* [Instructions to follow] Return the lines that run from the beginning of the entries to the line holding "Chico's Travelers™ Collection", inclusive, and drop the pictures.

* [Information provided]
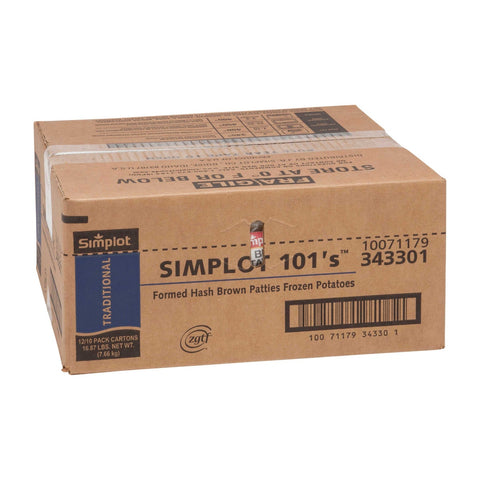Simplot Hash Brown Patty, 2.25 Ounce - 10 per pack -- 12 packs per case.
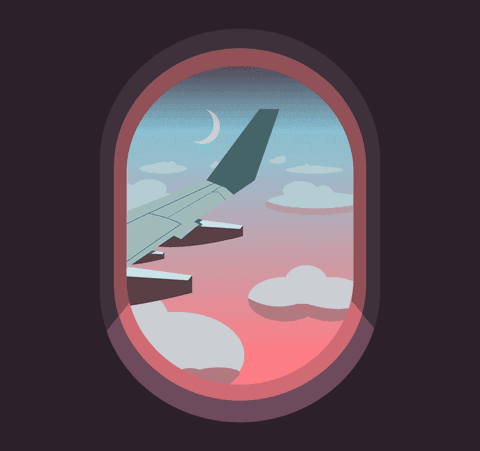 Minimalistic Airplane Window View with Clouds and Crescent Moon
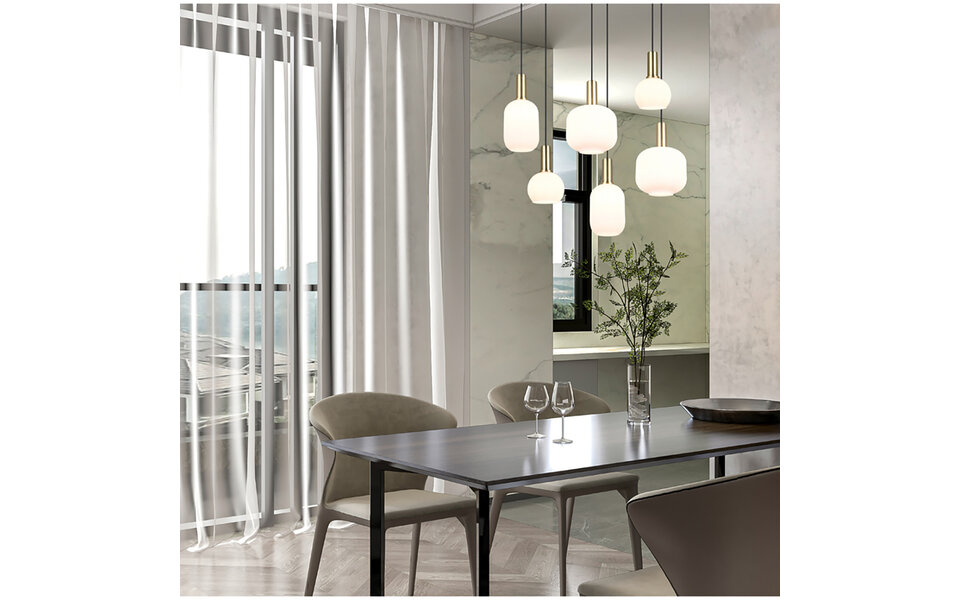 HLW LED Moderne Metalen LED Hanglamp met Wit Glas & Mat Messing - 6 Lichtpunten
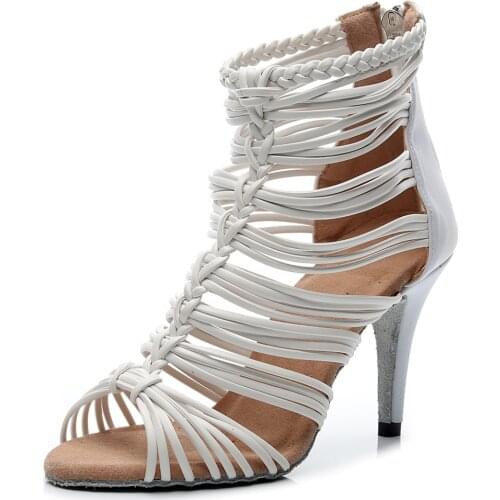 Salsa Jazz Ballroom Outdoor Plus Size Shoes Latino Dance for Discounts Ladies Tap Heels Women Latin Dancing White Boots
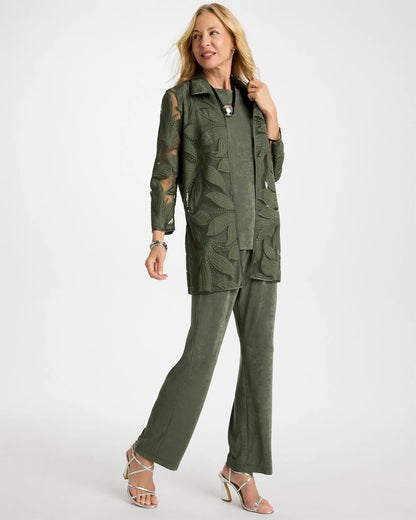 Chico's Travelers™ Collection Applique Embroidered Jacket Kelp Forest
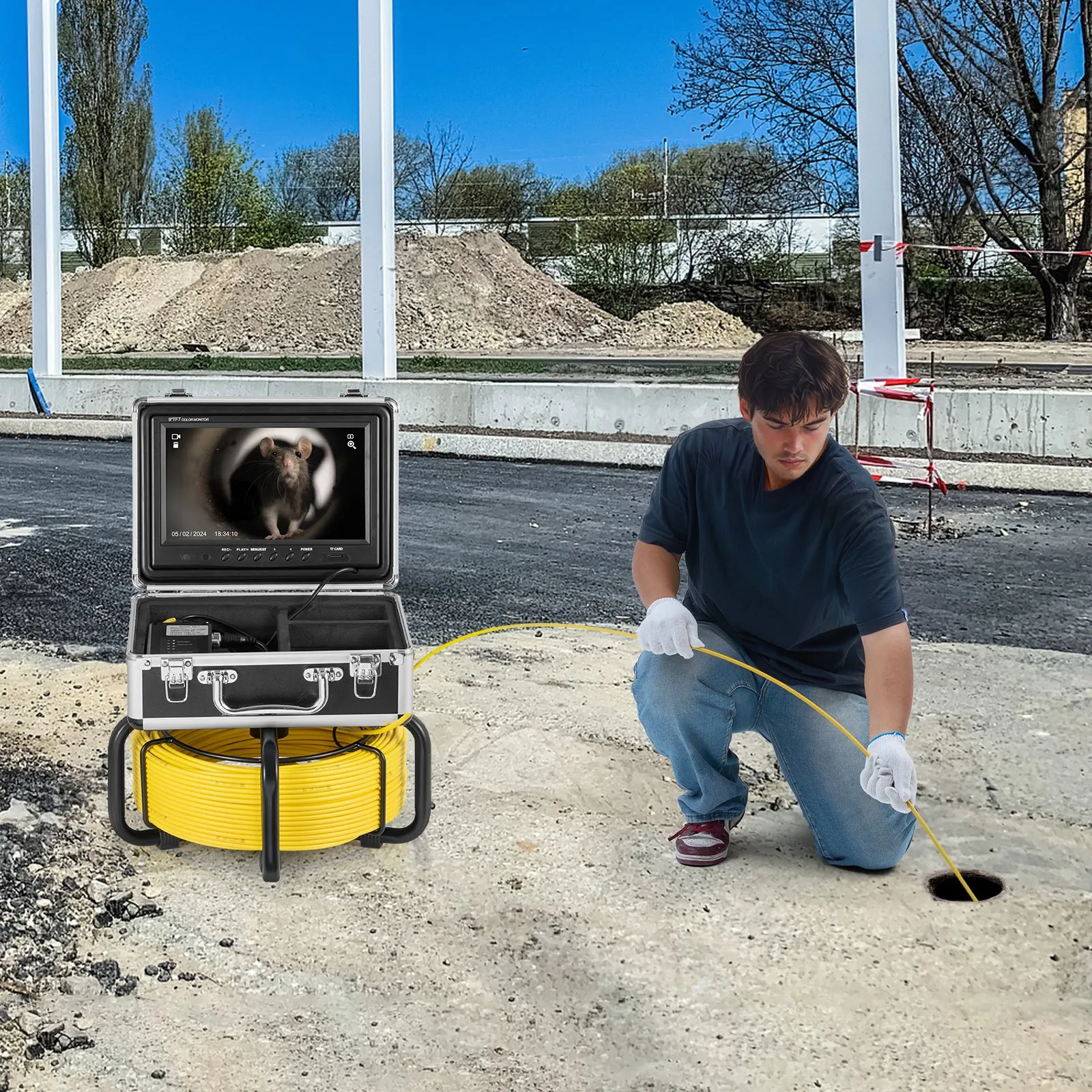 VEVOR 165FT HD Sewer Inspection Camera with 512Hz Locator & 9" Monitor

* [Task output]
Simplot Hash Brown Patty, 2.25 Ounce - 10 per pack -- 12 packs per case.
 Minimalistic Airplane Window View with Clouds and Crescent Moon
 HLW LED Moderne Metalen LED Hanglamp met Wit Glas & Mat Messing - 6 Lichtpunten
 Salsa Jazz Ballroom Outdoor Plus Size Shoes Latino Dance for Discounts Ladies Tap Heels Women Latin Dancing White Boots
 Chico's Travelers™ Collection Applique Embroidered Jacket Kelp Forest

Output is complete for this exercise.